**WHAT TO DO:**
For this exercise, output the line holding "Bán bao tải" and all subsequent lines of the entries below, unchanged, up to and including the last.

**RECORDS SHOWN:**
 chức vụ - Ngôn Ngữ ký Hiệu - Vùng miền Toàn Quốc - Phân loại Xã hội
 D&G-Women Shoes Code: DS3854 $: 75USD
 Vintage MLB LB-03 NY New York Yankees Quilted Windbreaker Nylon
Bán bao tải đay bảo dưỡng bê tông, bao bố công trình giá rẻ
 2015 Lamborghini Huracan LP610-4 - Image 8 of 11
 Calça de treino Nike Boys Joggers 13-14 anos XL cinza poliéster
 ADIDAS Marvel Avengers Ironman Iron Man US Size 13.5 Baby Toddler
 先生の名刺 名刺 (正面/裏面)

**ANSWER TO THE PROBLEM:**
Bán bao tải đay bảo dưỡng bê tông, bao bố công trình giá rẻ
 2015 Lamborghini Huracan LP610-4 - Image 8 of 11
 Calça de treino Nike Boys Joggers 13-14 anos XL cinza poliéster
 ADIDAS Marvel Avengers Ironman Iron Man US Size 13.5 Baby Toddler
 先生の名刺 名刺 (正面/裏面)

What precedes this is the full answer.